Muito embora se possa aceitar que no quadro específico do regime das obras particulares (Dec-Lei nº 445/91, de 20-11, alterado pelo Dec-Lei nº 250/94, de 15-10, revogado pelo Dec-Lei nº555/99, de 16-12, com alterações pontuais introduzidas pelo Dec-Lei nº177/01, de 4-6, que estabelece o regime jurídico da urbanização e edificação), o processo de execução não se mostre expressamente previsto, se olharmos para o regime da empreitada de obras públicas, temos a Portaria de 07-02-1972 que determina as instruções para o cálculo de honorários referentes aos projectos de obras públicas (publicada no Diário do Governo II Série, suplemento nº35, de 11-02-1972, alterada pelas Portarias de 22-11-1974, publicada no DR II Série de 03-01-1975, e de 27-01-1986, publicada no DR II Série de 05-03-1986), revogada pelo Portaria nº 701-H/2008, de 29-07.

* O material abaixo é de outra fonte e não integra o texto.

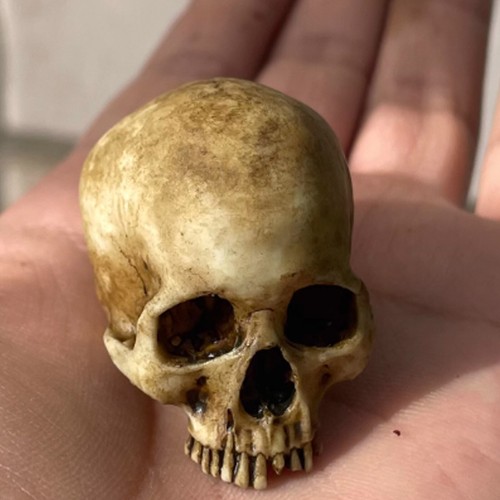 Human skull skeleton - skeleton, parts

E aí consta que o projecto de execução permite definir com rigor os materiais e acabamentos a utilizar, bem como a sua quantificação, através de um mapa de medições, e uma estimativa de custo; normalmente, integra também um caderno de encargos com especificações técnicas a observar na obra. Estes elementos permitirão ao cliente lançar o concurso de obra, pedindo orçamentos a várias empresas de construção, e permitirão também avaliar se o trabalho é efectuado de acordo com a sua intenção.
Sendo uma obra particular, aceita-se que a A. não tenha que apresentar todas as peças do projecto de execução (em especial, um caderno de encargos com especificações técnicas a observar na obra, já que a R. é construtora e dona da obra).
Mas o “contrato” refere este projecto…se bem que o depoimento do Dr (H) traz a sensação que a R. não tinha ideias muito definidas relativamente a diversos aspectos do empreendimento: perguntado se falaram com a A. sobre o projecto de execução, respondeu “Não (…)”.
É certo que o projecto de Agosto de 2004 contém tabelas com cálculos de áreas brutas, uma estimativa de custos, uma calendarização da obra e um pormenor construtivo.
Mas o que está em causa é o projecto entregue antes do mês de Junho de 2004. Neste não conseguimos descortinar qualquer processo de execução e ninguém nos diz que o CD do processo de arquitectura também contém aquele…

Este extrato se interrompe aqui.